Making it Discussible

To show support for the “‘lying flat’ lifestyle”, Zhang Jiumin*, a Chinese independent songwriter, released a song “Lying Flat Is Kingly Way” on Weibo and YouTube. The song lists some benefits of “lying flat” such as preventing burning out and maintaining people’s physical and mental health. 

Video cover of Zhang Jiumin’s song “Lying Flat Is Kingly Way”.
(Photo courtesy of Zhang Jiu-min)

Despite being removed from Weibo, a popular social media platform in China, he keeps posting the song by not using sensitive words such as “lying flat” in his description to avoid censorship.

“I just want more people to listen to my song. It is written from the bottom of my heart. Although ‘lying flat’ is not a mainstream value, it should still be discussed,” Zhang says. 

Lau Siu-lun, a lecturer of Sociology in the Chinese University of Hong Kong, points out that “lying flatism” is not a new idea, citing the “Beat Generation” from the United States in the 1950s and the “Low-Desire Society” concept from Japan in the 1990s as examples.

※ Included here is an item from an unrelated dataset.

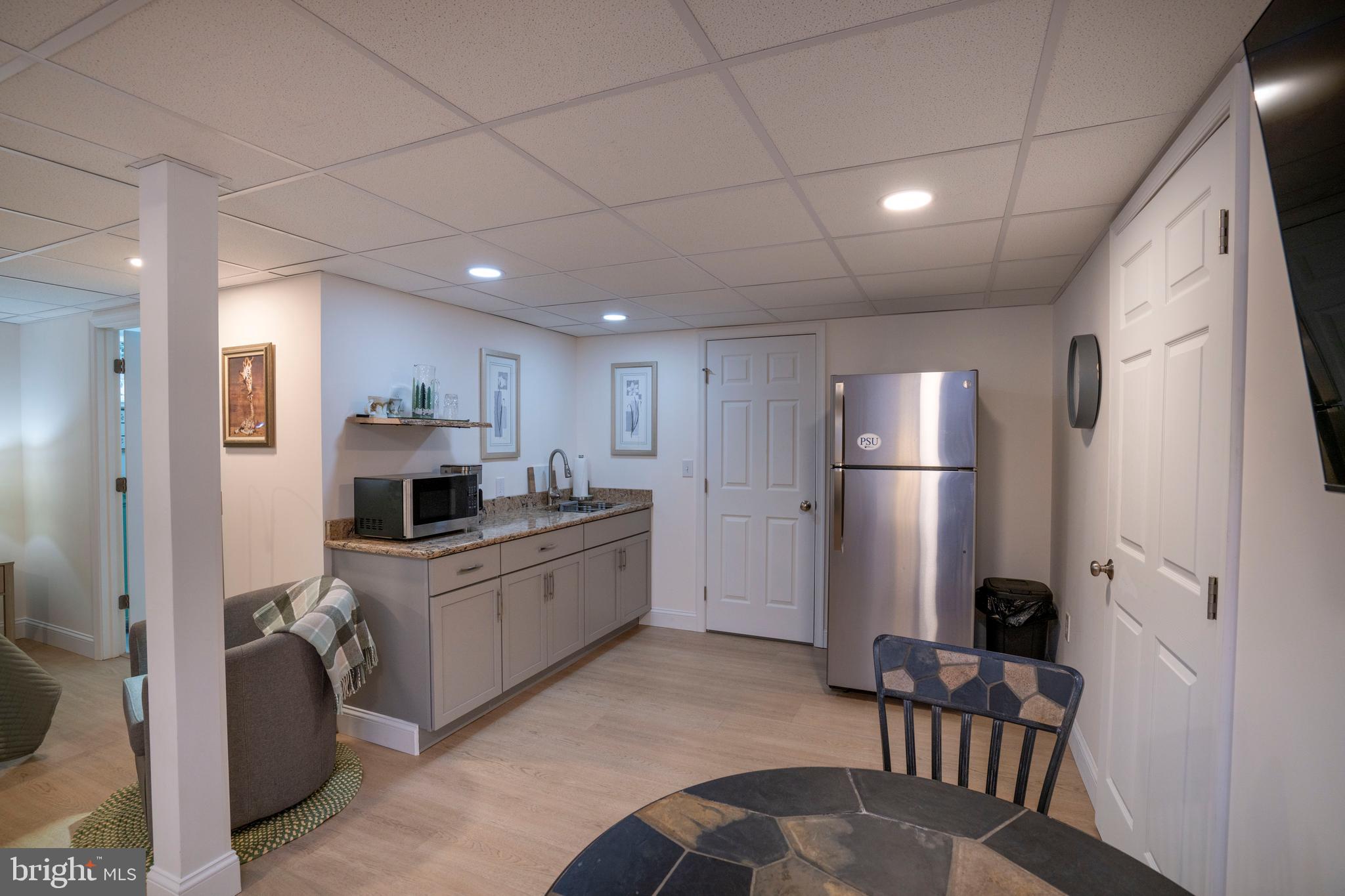 COUNTRY COVE - Residential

“Living costs increase with economic development, while pay rise fails to catch up. The Chinese working class in first-tier cities like Beijing, Shanghai, Guangzhou and Shengzhen find it less rewarding to live and work in these competitive places,” he explains.

Lau points out that people feel stressed when they work for long hours but still cannot afford housing property, while the price of daily commodities keeps rising.

“I think some of them will just give up their regular jobs in first-tier cities and return to their hometown or other second or third-tier cities to enjoy a more relaxing lifestyle,” Lau says.

*Names changed at interviewees’ request.